Document state & layers
DocState, the Layer union, the mm coordinate space, and how a document serializes to PanelConfig.
Coordinate space: millimeters, origin top-left
Every geometric value in the document model — layer x/y, width/height, path anchors and bezier handles, stroke widths — is stored in millimeters, with the origin at the panel's top-left corner. This is deliberate: PCB fabrication data is mm-based, so mm is the single storage space throughout @zpd/core. Pixels only exist at the render boundary, where the app's camera converts mm to screen px for display. Nothing in the document model itself is pixel-based.
DocState
interface DocState {
panelHp: number;
layers: Layer[]; // bottom -> top (index 0 renders first)
}panelHp— the panel's width, expressed in HP (see Panel sizing).layers— a flat, ordered array.

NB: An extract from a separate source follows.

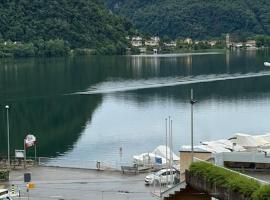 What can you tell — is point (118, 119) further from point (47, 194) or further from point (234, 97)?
point (47, 194)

Index0is the bottom of the stack and renders first; later entries render on top of earlier ones.
The Layer union
A layer is one of five variants, discriminated by type. All variants share LayerBase:
interface LayerBase {
id: string;
name: string;
hidden?: boolean;
}| Type | Manufacturable? | Summary |
|---|---|---|
shape | Yes | Rectangle or ellipse, filled with one palette color. |
pattern | Yes | A named, parameterized pattern from @zpd/patterns (opaque to core). |
path | Yes | A bezier path — filled, stroked, or both — from the pen tool or an image trace. |
text | Yes | Rendered text in a fixed font/size, filled with one palette color. |
image | No (design-time only) | A raster reference image; the panel is fabricated from vector layers traced from it, not the raster itself. |
Shape layer
interface ShapeLayer extends LayerBase {
type: 'shape';
shape: 'rect' | 'ellipse';
x: number;
y: number;
width: number;
height: number;
rotation?: number; // deg clockwise around bbox center
color: ColorIndex;
}Pattern layer
interface PatternLayer extends LayerBase {
type: 'pattern';
patternType: string;
params: Record<string, number>;
color: ColorIndex;
}patternType and params are kept as opaque data even when @zpd/core doesn't recognize the pattern — the patterns registry is an app-level concern, not a core dependency. This is also why pattern layers get special hit-testing treatment; see Geometry & editing contracts.
Path layer
interface PathPoint {
x: number; // anchor, mm
y: number;
hin?: { x: number; y: number }; // absolute bezier handle coords, mm
hout?: { x: number; y: number };
}
interface PathLayer extends LayerBase {
type: 'path';
points: PathPoint[]; // primary subpath (pen tool edits this one)
extraSubpaths?: PathPoint[][];
closed: boolean;
fill: ColorIndex | null;
stroke: ColorIndex | null;
strokeWidth: number; // mm
}extraSubpaths holds additional closed subpaths produced by image tracing — the holes/islands of one color region. They render together with the primary subpath using even-odd fill, so holes stay holes.
Text layer
interface TextLayer extends LayerBase {
type: 'text';
content: string; // may contain newlines
fontFamily: string;
sizeMm: number; // font size in mm (canvas font px == mm in doc space)
x: number; // bbox top-left, mm
y: number;
rotation?: number;
color: ColorIndex;
}Image layer
interface ImageLayer extends LayerBase {
type: 'image';
src: string; // dataURL
x: number;
y: number;
width: number;
height: number;
}src is a design-time source only — a raster cannot be manufactured on the panel. The final panel uses the vector layers traced from it, not this layer.
Serializing to PanelConfig
DocState is the in-memory working document. PanelConfig is the versioned, exported shape a user downloads and hands off for fabrication:
const PANEL_CONFIG_VERSION = 1;
interface PanelConfig {
version: 1;
app: 'zpd';
panel: { hp: number; widthMm: number; heightMm: number };
palette: string[];
layers: Layer[];
}hp and layers are authoritative and round-trip. panel.widthMm, panel.heightMm, and palette are derived, advisory output for a human/order reader — computed at export time from hp and the fixed palette — and are not re-trusted when the file is loaded back in.
parsePanelConfig never throws
parsePanelConfig is fed whatever JSON a user hand-edited or an old/foreign tool produced, so every field is defended individually rather than letting one bad field fail the whole document: an invalid or missing hp falls back to the default panel size, an invalid color index clamps to 0 (black), and any layer with an unrecognized type is silently dropped. Garbage or non-object input yields the default document.
See the full source in packages/ for the field-by-field parsing rules.